Sunday, May 5, 2013

Saturday Night's Stir Fry

It was an ugly day here yesterday -- it rained all day long with lots of heavy wind gusts and it was chilly, too.  We got about 3+ inches of rain here yesterday and they say more is on the way for today and tomorrow so we are under flood watches.  I got up early and ran a few errands yesterday morning but it was so chilly here (about 50 degrees) that I couldn't wait to get back home and get warmed up. Youngest son came for dinner last night so I made a big chicken and veggie stir fry.  I stir fried diced boneless chicken breast in some coconut oil and then added:  fresh broccoli florets, sliced carrots, fresh sugar snap peas, diced red bell pepper, sliced green onions, minced garlic, and fresh sliced mushrooms. I steamed the broccoli, carrots and sugar snap peas for about 3 minutes in about 1/3 cup of water in the microwave to soften them slightly before stir-frying them.  I made a quick and easy sauce by making a well in the center of my wok (pushing all the chicken and veggies toward the outer part of my wok and adding a few tablespoons of peanut butter and stirring it until melted, then adding about 1 cup of chicken stock, a few tablespoons of tamari sauce (in place of soy sauce), and then adjusted for seasoning and thickness -- I added a tiny bit of more peanut butter and then I seasoned with red pepper flakes, ground cayenne pepper, and a little Celtic salt.  When it was just the way I wanted it, I tossed everything together to coat with the sauce.  Hubby and son ate theirs over brown rice and I had mine as is, topped with some roasted almonds.  It was really delicious!  I'm going to get out and run my errands this morning while we are briefly in between storm systems.  Since I fell asleep on the sofa before posting it last night, I am posting a couple photos below this morning. Enjoy!


4 comments:

CyberSis said...

Hi GGC,

What a great idea serving it with roasted almonds. Much tastier than rice! And what a nice sauce, too!

Gourmet Girl Cooks said...

Hi CyberSis -- I really enjoyed it with the almonds and truly did not miss the rice whatsoever! The sauce is super simple and you can make it as thick or thin as you like -- its amazing how nicely peanut butter thickens it.

unter der laterne said...

Hi GG, the dish looks beautiful but you only produce colorful recipes. I have a question about the sauce, do you cook it *away*,( I am embarrassed about the phrasing, English is my 3rd acquired Language) or is there quite a bit left? You added 1 cup of broth! Thank you GG. I hope that you are enjoying better weather! Be well! Barbara from California.

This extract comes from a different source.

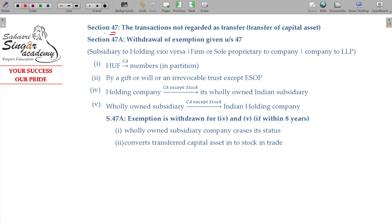Section 47, Section 2 deals with transactions not regarded as transfer. Under Section 47, certain direct transfers are not considered as transfer transactions. After transfer of capital assets, capital gains tax will not be attracted. The conditions mentioned in Section 47 must be satisfied; otherwise the exemption will be withdrawn. That is considered under Section 47A - withdrawal of exemption given under Section 47.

Gourmet Girl Cooks said...

Hi Barbara! I don't completely cook it away -- I reduce it a little bit. I actually made that much sauce because my son and hubby like it since they eat it over rice. If you are not eating it on rice, you don't need to add quite as much broth -- start with 1/2 cup and then just adjust as necessary until it is the consistency you like. You can make it thicker if you like it to cling more to the meat and veggies. P.S.--if English is your 3rd acquired language...I am impressed! I would never had guess that. :-)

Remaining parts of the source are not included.